So they are the reason for this visit to your doctor?
          it's the law !
r earch of against-indications especially for risk sports.
          prevent sudden death of the athlete.
In the absence of information, the medical certificate may be issued by your GP. Some federations or in the case of top athletes, you will be asked to go specifically to a sports doctor or a doctor approved by the same Federation.
usually different sports "at risk" of others. In this category are:
          motor sports
          combat sports with "KO" authorized
          air sports
          sports underwater
          mountaineering "cutting edge"
          sports using firearms
Skills and qualifications necessary for doctors are specified in the regulation of medical federations concerned.
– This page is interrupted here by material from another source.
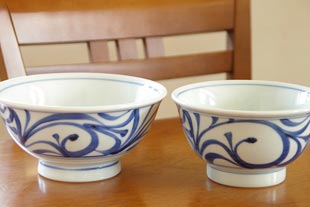 砥部焼・梅山窯 からくさの丼鉢の5寸と6寸を比較して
The course of the consultation will be based on the age of the athlete, the sport practiced and the level of intended practice.
During this visit, the doctor is interested in personal and family history of the sport as well as popular sports and vaccination status. Medication must also be taken into account.
Clinical examination includes measuring height and weight, taking blood pressure and pulse rate at rest; cardiopulmonary auscultation and an examination of the musculoskeletal system adapted to the sport.
In children, one should check the height and weight growth curve and pubertal status. It is particularly interested in the study of the spine in static and dynamic. We often have to discuss upgrade (no problem in general for the simple but require examination and further questioning to double or even triple).
We study the cardiac adaptation to effort by the firm carrying out a test Ruffier-Dickson: 30 crunches 45 '' flat feet and arms outstretched. We take the resting pulse (P1) at the end of the effort (P2) and after a minute of rest (P3). Is then calculated:
 
The Index Ruffier = (P1 P2 P3) - 200/10
Depending on the results, one class diagram:
  • R <0: good adaptation to effort
  • 0 <R <5: good adaptation to effort
  • 5 <R <10: adaptation to the average stress
  • 10 <R <15: adaptation to the insufficient efforts
  • R> 15: poor adaptation to the effort with additional cardiac evaluation to achieve
The index of Dickson = ((P2-70) 2 (P1-P3)) / 10
 
the results are classified into:
  • D <0: excellent
  • 0 <D <2: very good
  • 2 <D <4: good
  • 4 <D <6: Average
  • 6 <D <8: low
  • 8 <D <10: very low
  • D> 10: mismatch with additional cardiac evaluation to achieve
The systematic implementation of an electrocardiogram (ECG) screening does not unanimously in France but is recommended by many sports associations and learned societies of sports medicine. It should be made ??upon delivery of the first sports license, regardless of age, and every 2 years.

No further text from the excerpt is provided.